[openstack-dev] [nova] blueprint about multiple workers supported in nova-scheduler

Attila Fazekas afazekas at redhat.com
Fri Mar 6 15:19:18 UTC 2015


Looks like we need some kind of _per compute node_ mutex in the critical section,
multiple scheduler MAY be able to schedule to two compute node at same time,
but not for scheduling to the same compute node.

If we don't want to introduce another required component or
reinvent the wheel there are some possible trick with the existing globally visible
components like with the RDMS.

`Randomized` destination choose is recommended in most of the possible solutions,
alternatives are much more complex.

One SQL example:

* Add `sched_cnt`, defaul=0, Integer field; to a hypervisors related table.

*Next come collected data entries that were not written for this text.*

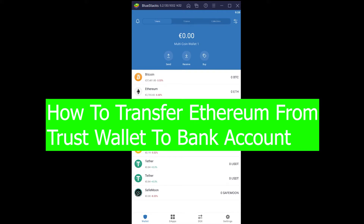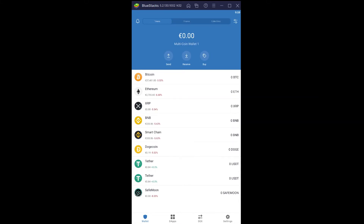Now there are some criteria you want to understand before you can send your Ethereum into a bank account, because you can't directly send Ethereum into a bank account. Ethereum is a crypto and bank accounts don't deposit crypto — bank accounts only take real-life currency.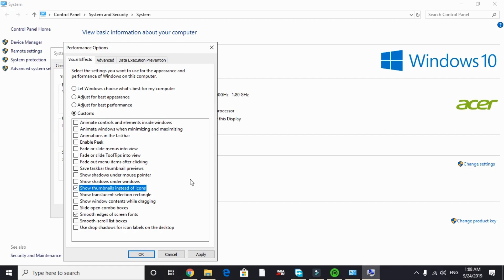This won't give you a huge gaming boost but will surely help in freeing up a lot of RAM and will indirectly help you in improving the gaming performance. Just apply these settings and click on OK. That's it for this step. Now let's proceed to the last one.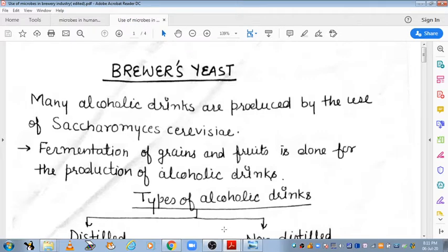Hello everyone, let's start with Brewers Yeast. Last video mein hum discuss kar chuke hain use of microbes in household products. Now in this video we will discuss about the use of microbes in brewery industry. Brewery industry means the industry in which large-scale production of alcoholic beverages is done in large vessels known as fermenters or bioreactors. So start karte hain aaj hum with Brewers Yeast.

When the scheduler picks one (or multiple) node, he needs to verify is the node(s) are 
still good before sending the message to the n-cpu.

It can be done by re-reading the ONLY the picked hypervisor(s) related data.
with `LOCK IN SHARE MODE`.
If the destination hyper-visors still OK:

Increase the sched_cnt value exactly by 1,
test is the UPDATE really update the required number of rows,
the WHERE part needs to contain the previous value.

You also need to update the resource usage on the hypervisor,
 by the expected cost of the new vms.

If at least one selected node was ok, the transaction can be COMMITed.
If you were able to COMMIT the transaction, the relevant messages 
 can be sent.

The whole process needs to be repeated with the items which did not passed the
post verification.

If a message sending failed, `act like` migrating the vm to another host.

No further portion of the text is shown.